### What the task asks
Begin at the first line of the data and copy each line through the one containing "Relojes de carga", that line included, with no pictures.

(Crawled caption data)
_ _ _ _ _ _ _

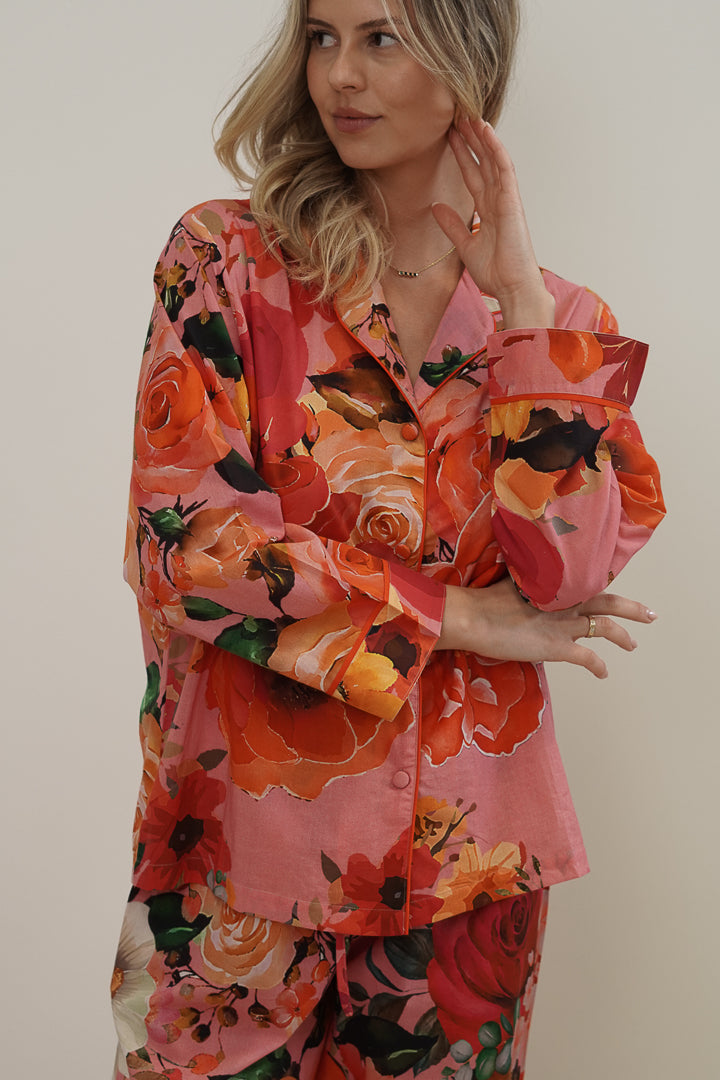 Tuscan Rose Pink Long Pj Set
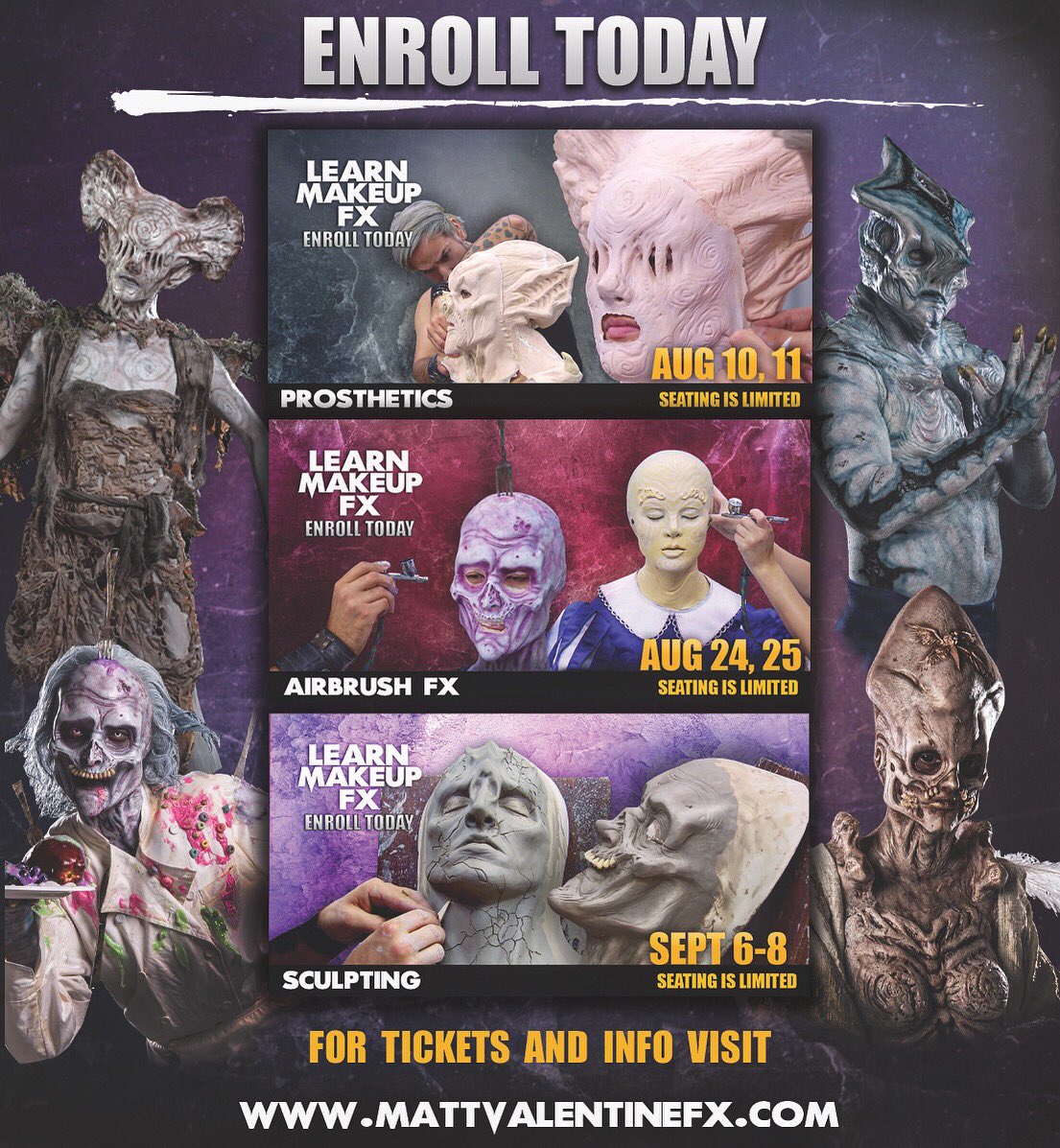 † AUSTIN! Don’t miss the makeup event of the summer! Activate the artist inside of you with these imaginative impactful classes! Seats are filling fast. For tickets and info visit mattvalentinefx.com † #austin  #texas #do512 #conceptualassassin #faceoffsyfy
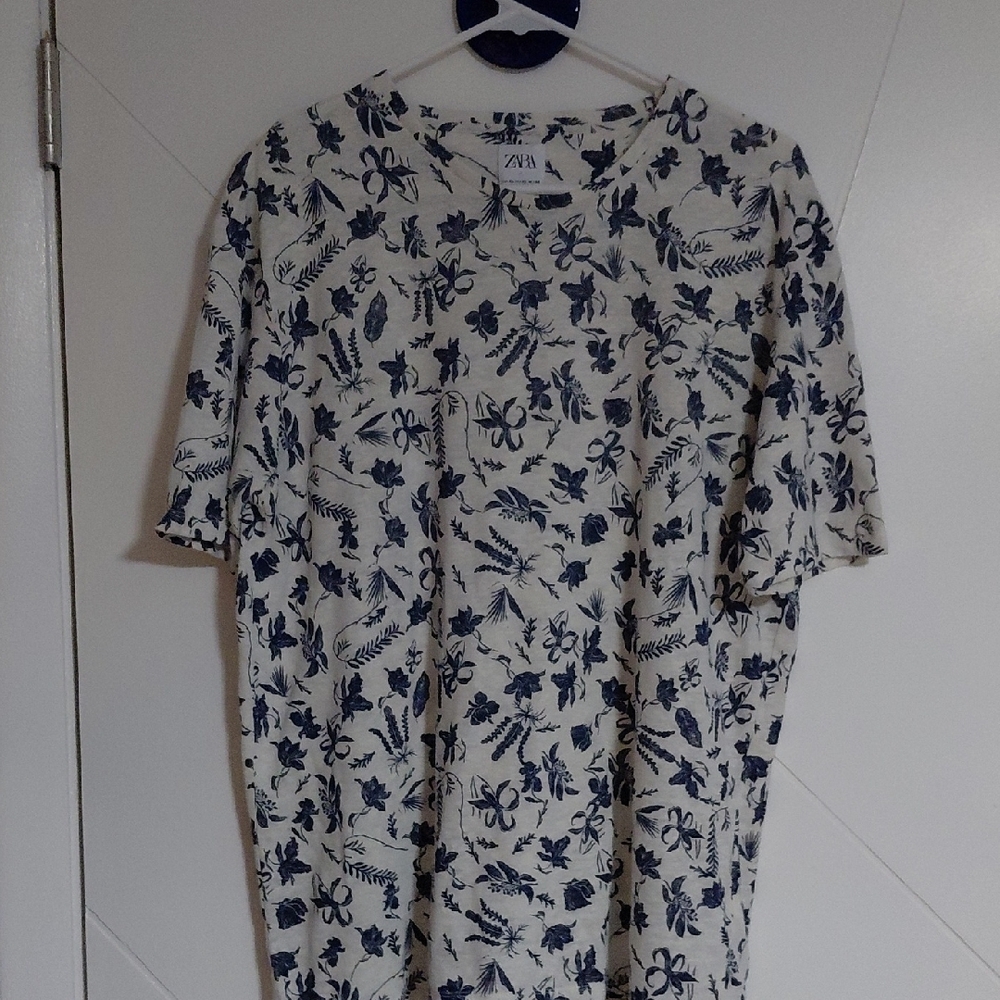 Zara Navy Floral Patterned Blouse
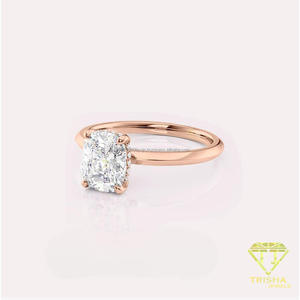 Bague de fiançailles en or rose avec diamant de laboratoire taille coussin, solitaire classique, bague de promesse et de mariage - Product Image 4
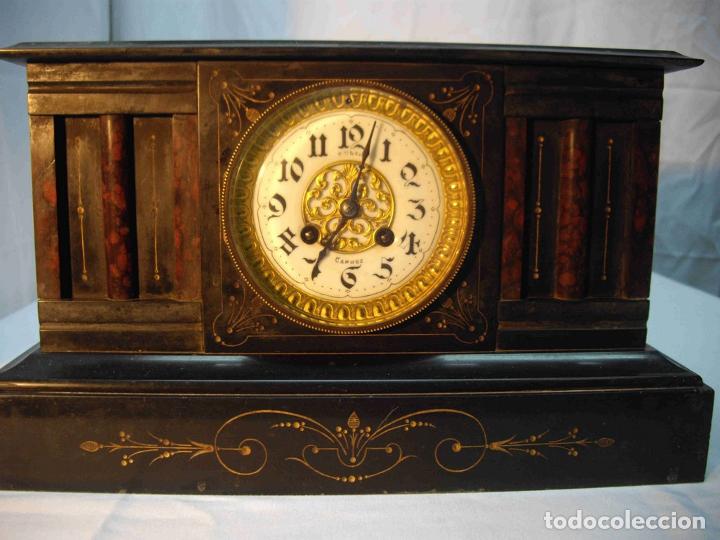 Relojes de carga manual: RELOJ MARMOL NEGRO ROJO COLUMNAS - Foto 1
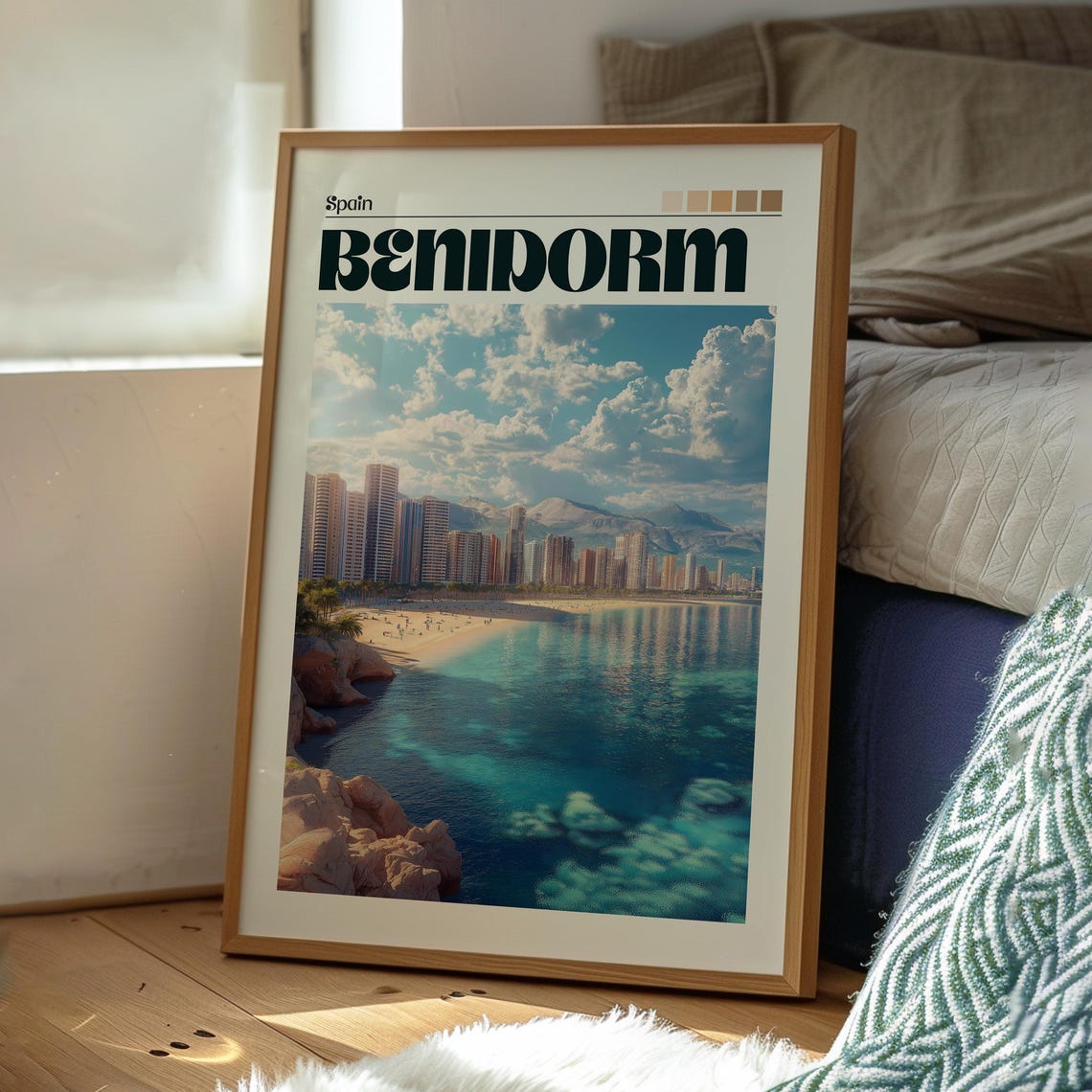 Benidorm Spain Beachfront Skyline Sea View Coast Travel Poster - Image 3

_ _ _ _ _ _ _

### Result of this task
 Tuscan Rose Pink Long Pj Set
 † AUSTIN! Don’t miss the makeup event of the summer! Activate the artist inside of you with these imaginative impactful classes! Seats are filling fast. For tickets and info visit mattvalentinefx.com † #austin  #texas #do512 #conceptualassassin #faceoffsyfy
 Zara Navy Floral Patterned Blouse
 Bague de fiançailles en or rose avec diamant de laboratoire taille coussin, solitaire classique, bague de promesse et de mariage - Product Image 4
 Relojes de carga manual: RELOJ MARMOL NEGRO ROJO COLUMNAS - Foto 1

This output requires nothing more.